Joseph Wargo, the lawyer for 5 Seasons, says he had negotiated an agreement with Sembler earlier this year to pay the brew pub $260,000 and return 13 months of rent payments. "They've always recognized our business would be damaged during the redevelopment," Wargo says. "We had reached an agreement and we'd signed it and sent it to them. They sent us something back that cut the deal in half. It was shocking."
The lawsuit also alleges that Sembler has violated a Sandy Springs zoning ordinance that requires property owners to provide adequate off-street parking for restaurants. In addition, the brewhouse's lease stipulates that 5 Seasons will have access to 1,000 parking spaces.
A representative for Sembler didn't return a phone call seeking comment.
Lange says the 5 Seasons at the Prado is on the brink of collapse. "If we'd gotten that deal, we'd still be struggling," he says. "But it would have kept us alive."
It's a stunning turn of events for a brewhouse that once thrived with customers and accolades. The New York Times described 5 Seasons as "remarkable." It was lauded in the Wall Street Journal and Southern Living. It has received both CL's Critics Pick and Readers Choice for Best Brew Pub in Atlanta.
The pub's roots can be traced to Phoenix Brewing, which Sprouse opened in 1996 at the Prado as one of the original brewhouses in Atlanta. When that venture failed, David Larkworthy – at the time a managing chef for the Buckhead Life restaurant group – teamed with Sprouse to open 5 Seasons. In the years that followed, Larkworthy began a unique alliance with farmers throughout the area, and long before "locavorism" was a catch phrase, 5 Seasons was supporting local farms and serving local produce wherever possible.

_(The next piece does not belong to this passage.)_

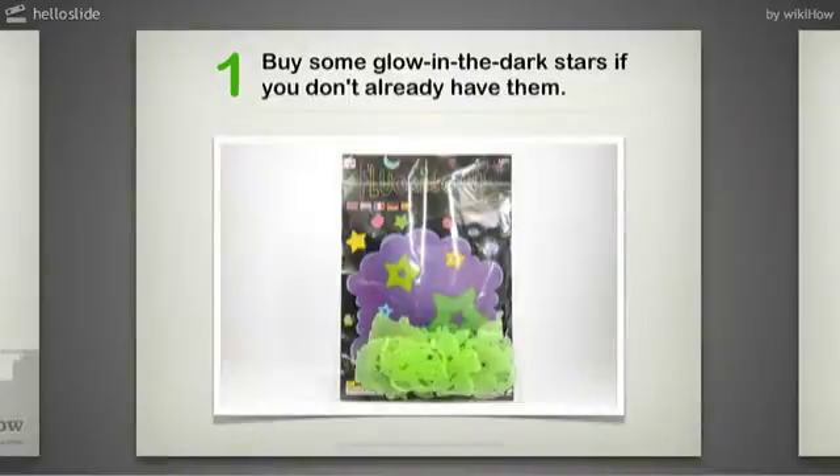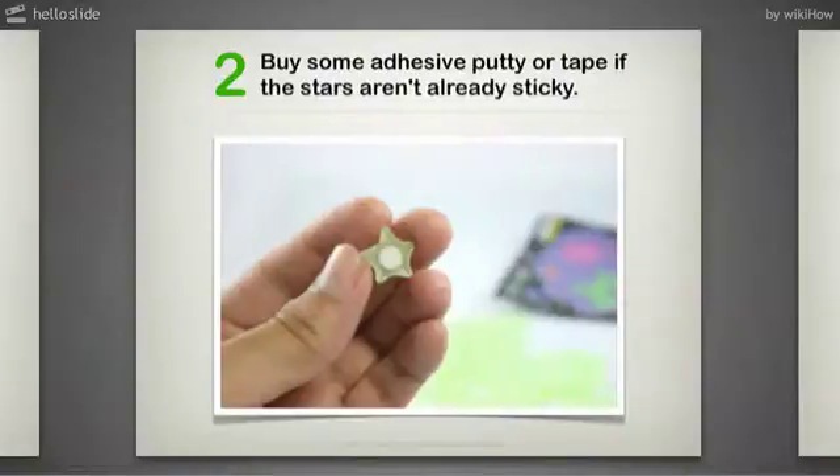Step 1: Buy some glow-in-the-dark stars if you don't already have them. Step 2: Buy some adhesive putty or tape if the stars aren't already sticky.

5 Seasons opened a second location in Alpharetta in 2007 (with former Dogwood Brewing Company owner Crawford Moran as the brew master), but it isn't making enough money to carry the slumping brewhouse at the Prado.
The financial problems are having repercussions in West Atlanta at the Brick Works development on Marietta Street, where 5 Seasons plans to open a third location. Even though the space for the brewhouse has been built, Lange says the opening is now on hold, and that's bad news for the businesses that have opened around the location in the Brick Works development.
"This is going to be devastating to some folks because everybody has been counting on 5 Seasons," says Kathy Boehmer, co-owner of the Toscano and Sons deli in the Brick Works. "We're doing OK, but some businesses here are really hurting. Everybody here has been counting on 5 Seasons to be the flagship to catapult our foot traffic."
Lange says he and Larkworthy made the decision to open the West Atlanta location based on promises from Sembler. "All that came to a screeching stop because, all of a sudden, we're not making money," he says.
The Prado location has been on the brink of closing for the past five months. The staff has been cut, Lange and Larkworthy have put their own cash into keeping it afloat, and suppliers have so far been forgiving. Wargo says it will take an infusion of at least $600,000 to keep the brewhouse open. "That's what it would take to get us over the hump," he says. "That's much less than what we've lost financially through this. That's basically enough to limp over the finish line."